Turcja jest na 149 miejscu na180 krajów Indeksu Wolności Prasy Reporterów bez Granic (Polska na 66; w 2015 była jeszcze na 18). Dziennikarze w Turcji nie mają prawa do ochrony swoich źródeł informacji; 26 z nich jest w więzieniu, 160 – ma dochodzenia, 54 tytuły prasowe mają być zlikwidowane. Za publikowanie fake news grożą 3 lata więzienia, a fake news to zdaniem władzy wszystko, co ją krytykuje.
W 2018 roku Gudereit, najważniejsza gazeta turecka, została sprzedana firmie sprzyjającej rządowi. Nowy właściciel wysłał informacje o działaniach prawnych przeciwko 45 dziennikarzom na ich adresy domowe. Ipek Yezdani, rzeczniczka TGS, związku zawodowego dziennikarzy tureckich: – Dowiedziałam się o tym z telefonu od matki podczas kolegium redakcyjnego.
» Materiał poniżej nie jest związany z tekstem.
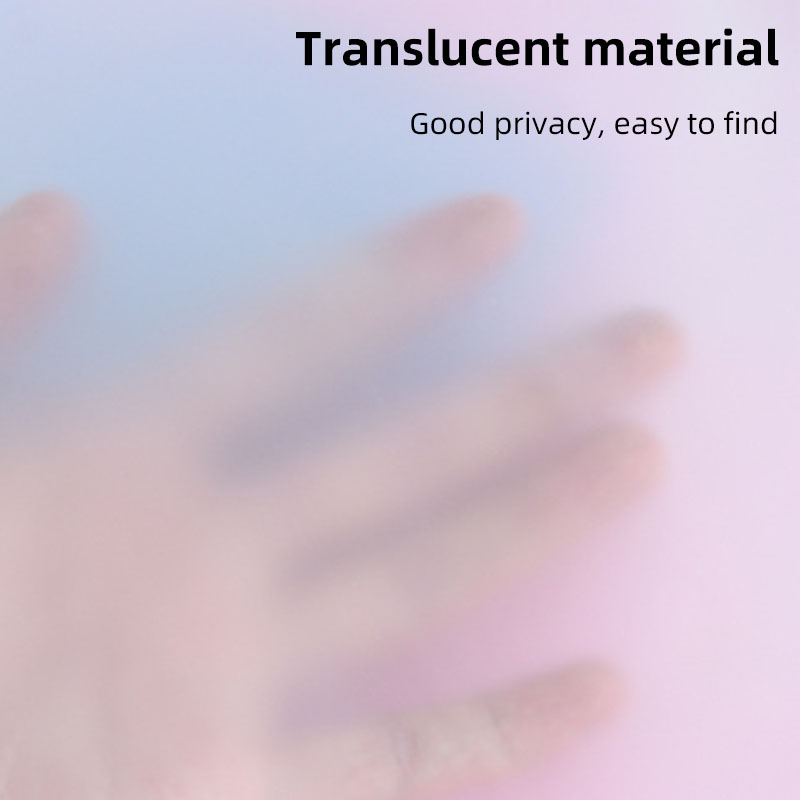 Túi Dây Rút Chống Thấm Nước Họa Tiết Hoa Cúc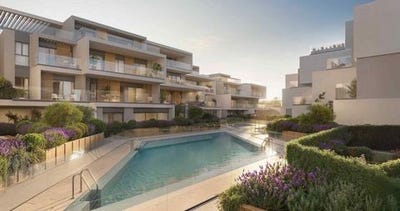 /international/es/marbella-andalusia-310099949521/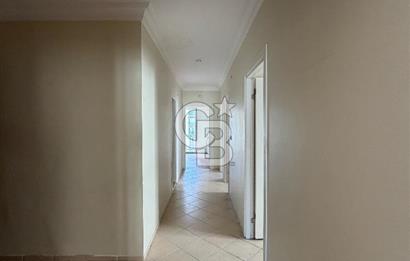 GARDENLİFE SİTESİNDE SATILIK 3+1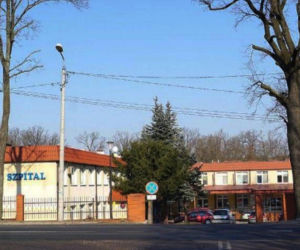 Zatłukł lekarkę, bo chciała od niego odejść? Wstrząsające ustalenia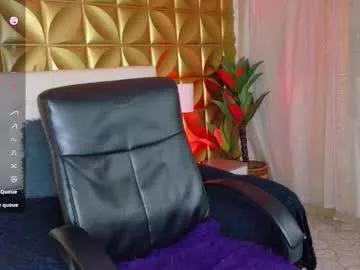 velvet_cam from Chaturbate is Freechat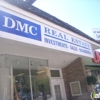 DMC Real Estate gallery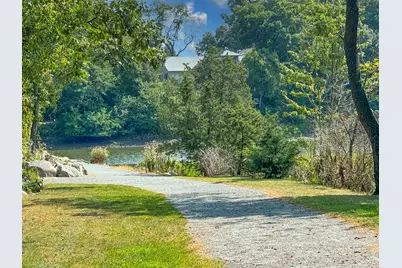 414 Riverside Avenue, Westport, CT 06880 - Photo 36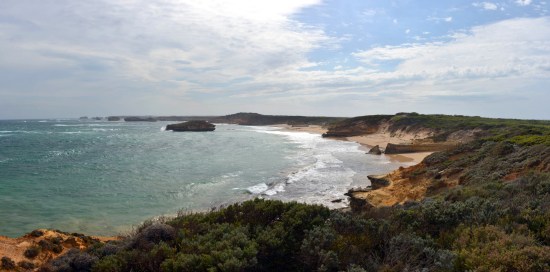 Panorama_13
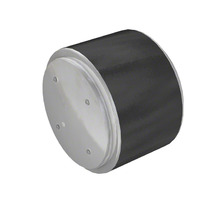 FWX-1600AH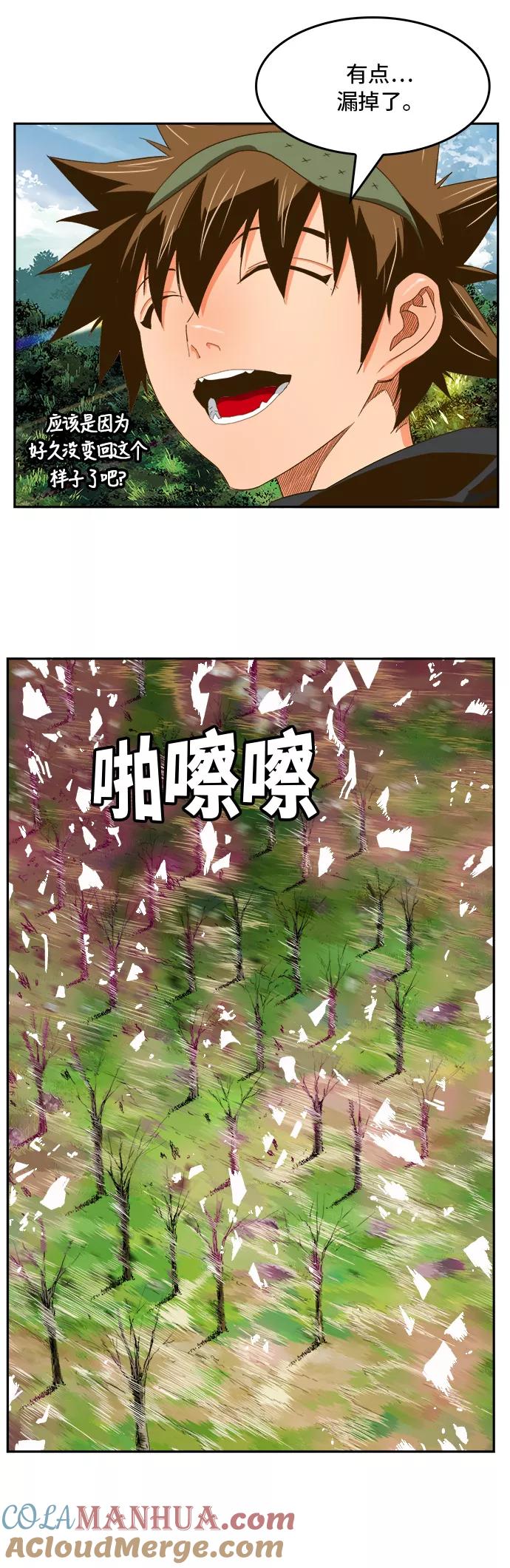 25.jpg
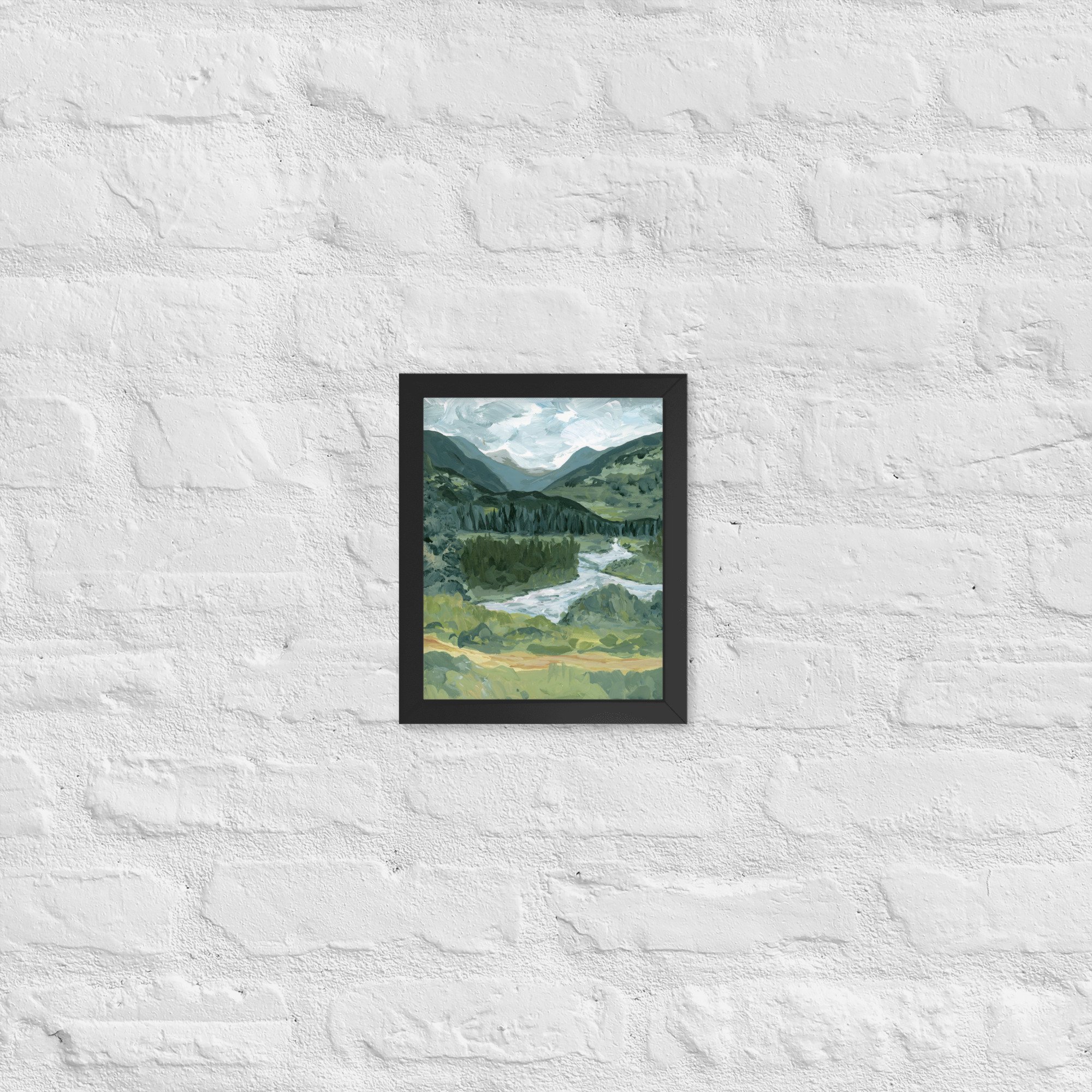 enhanced-matte-paper-framed-poster-(in)-black-8x10-front-65ed5637a1ce0.jpg
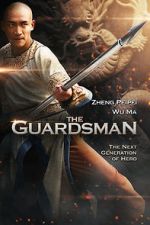 Watch The Guardsman Putlocker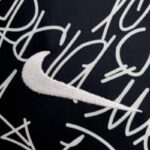 Camiseta calentamiento América 202122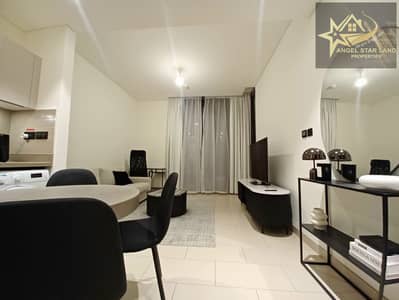 1 Bedroom Apartment for Rent in Sobha Hartland, Dubai - avRxp1mmcK46vnD5kfFS6W1kv8zQuJVEpoxYc2lV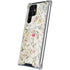 Wildflowers by William Kilburn Galaxy S23 Ultra Clear Case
Nie dostaliśmy żadnych odszkodowań. O naszym kongresie tutaj nie poinformują największe tureckie media; być może odważą się o nim wspomnieć niektóre media lokalne.
Wniesiona przez Krzysztofa Bobińskiego z Towarzystwa Dziennikarskiego rezolucja kongresu w sprawie mediów lokalnych zobowiązała nowy Komitet Sterujący EFJ do starań w Komisji Europejskiej i w Parlamencie o ustanowienie wsparcia finansowego dla mediów lokalnych, co pomoże utrzymać ich niezależność. Poza przykładem wykupienia gazet regionalnych przez Orlen w Polsce, delegaci wskazywali na przejęcie mediów lokalnych w Irlandii przez firmy brytyjską i duńską oraz jednego właściciela wielu mediów lokalnych we Włoszech. W Danii, podobnie jak w innych krajach nordyckich, funkcjonuje państwowy fundusz wsparcia mediów lokalnych w postaci zwrotu części kosztów wynagrodzeń dziennikarskich. Był to jeden z wiodących tematów zjazdu, jest to duży problem w Turcji, a sprawa staje się coraz bardziej widoczna także w instytucjach unijnych.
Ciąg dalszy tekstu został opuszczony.